▸ **Exercise**
Could you transcribe exactly the lines below, from the line with "Guelph Apartamento |" through the line with "Villa in Parabiago, Milan", and nothing else, leaving out the pictures?

Collected data
########################################

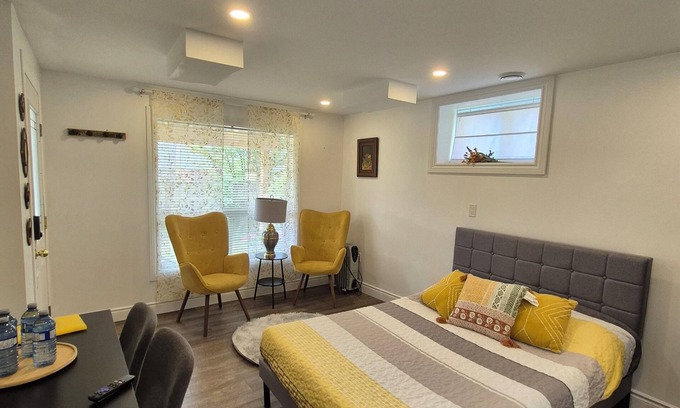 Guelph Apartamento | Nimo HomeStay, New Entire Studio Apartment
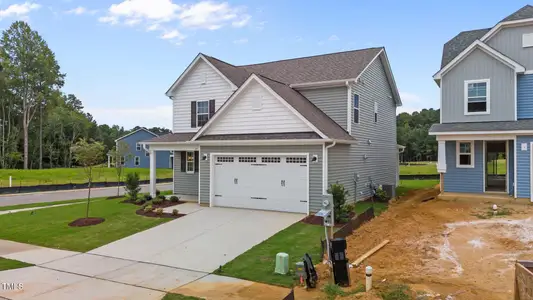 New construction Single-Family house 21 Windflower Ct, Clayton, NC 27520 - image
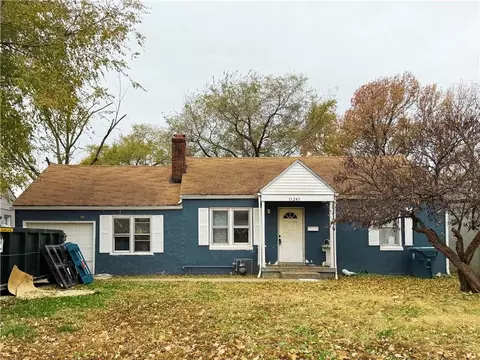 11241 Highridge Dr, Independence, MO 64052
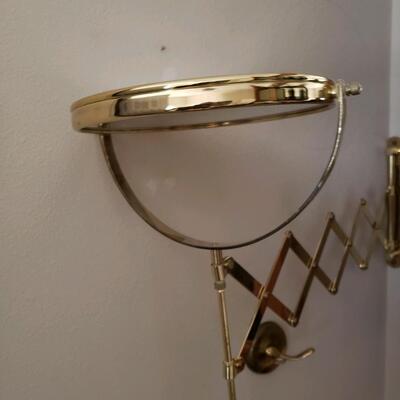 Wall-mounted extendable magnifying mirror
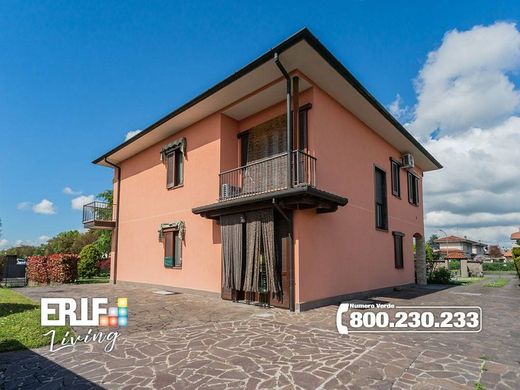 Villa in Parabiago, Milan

########################################

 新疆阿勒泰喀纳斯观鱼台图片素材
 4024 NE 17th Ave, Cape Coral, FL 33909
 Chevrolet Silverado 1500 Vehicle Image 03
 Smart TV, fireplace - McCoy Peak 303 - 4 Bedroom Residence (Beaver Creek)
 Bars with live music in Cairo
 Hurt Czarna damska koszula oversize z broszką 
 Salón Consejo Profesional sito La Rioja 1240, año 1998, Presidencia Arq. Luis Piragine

########################################

▸ **Solved exercise**
 Guelph Apartamento | Nimo HomeStay, New Entire Studio Apartment
 New construction Single-Family house 21 Windflower Ct, Clayton, NC 27520 - image
 11241 Highridge Dr, Independence, MO 64052
 Wall-mounted extendable magnifying mirror
 Villa in Parabiago, Milan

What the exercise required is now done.